Dmitro Natalukha took over the State Property Fund on January 14, 2026 — the fifth leader during the full-scale war. He inherited a structure that had been operating without a leader for over a year and a half: a vacant accounting department, no audit vertical. The first thing the new team did was conduct an inventory.
What the audit revealed
The results were striking. Of more than a thousand small privatization objects, only a quarter have real value. Of 19 major privatization objects — 53% Natalukha characterizes as having no prospects.
"We simply opened old cluttered cabinets and looked at what was inside. And quietly gasped."
Dmitro Natalukha, head of the State Property Fund — Facebook
This is not an abstract figure. According to Slovo i Dilo, in the first ten months of 2025, privatization brought 2.9 billion hryvnias to the budget — despite the fact that planned indicators have been systematically missed for years. The state had been putting up for sale things that no one wanted to buy — and counting them as assets.
The problem is not junk — but what remains
Among the "promising" major privatization objects are the Odesa Port-Side Plant (OPZ), Ocean Plaza shopping center in Kyiv, the Demurinsky mining and processing plant, and the Mykolaiv alumina plant. According to Inventure, the State Property Fund plans to put these four assets up for sale in the near future.
But they are all complex deals. OPZ is constrained not only by a debt to Ostchem of $193 million, but primarily by military risk: the plant is located in Odesa region in the zone of missile strikes. According to Natalukha, precisely "the flag, status or international reputation" of the buyer could become a real guarantee of the asset's safety — in other words, the Fund is essentially seeking a strategic investor with geopolitical backing.
"Hidden privatization" as a systemic problem
According to Forbes Ukraine, Natalukha identifies another problem — deeper than the registry of unnecessary objects.

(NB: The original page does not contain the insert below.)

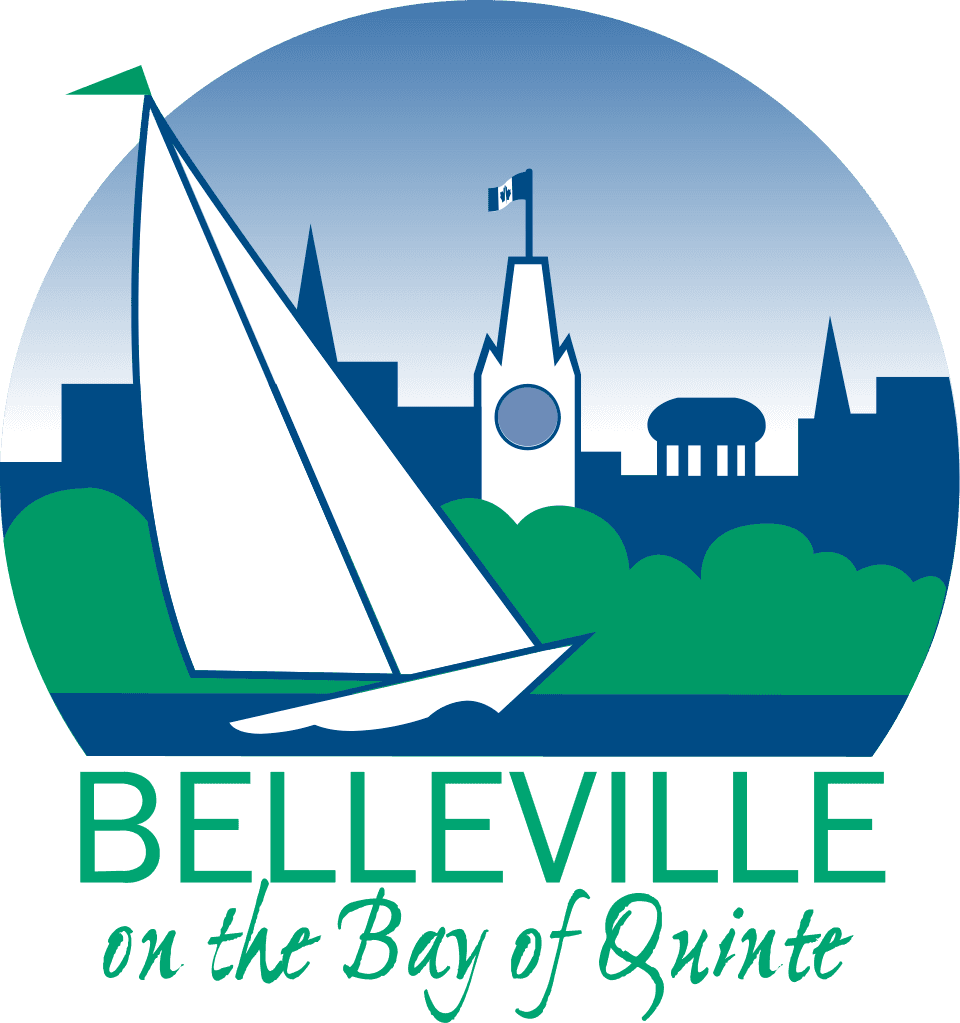 Belleville on the Bay of Quinte logo featuring a white sailboat, city skyline, and trees.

At state enterprises that are formally not privatized, a scheme has operated for years: profits go to management, losses go to the budget. He calls this "hidden privatization through management."
To break this logic, the State Property Fund is considering a new model: managing state assets as a single investment portfolio, changing management at strategically important enterprises, and preparing some of them for IPO or partial sale of the state stake. According to Mind.ua, as early as 2026, the Fund may conduct a large-scale audit of assets under management and change leadership at key enterprises.
The audit revealed the scale of neglect. But the list of "promising" objects — OPZ, the alumina plant, Ocean Plaza — are assets that previous teams failed to sell for years, and each carries separate legal, debt, or security risks.
If the State Property Fund sells even one major object by the end of 2026 on transparent terms and at market price — this will be the first real test of whether the fund's logic has changed, not just its leader.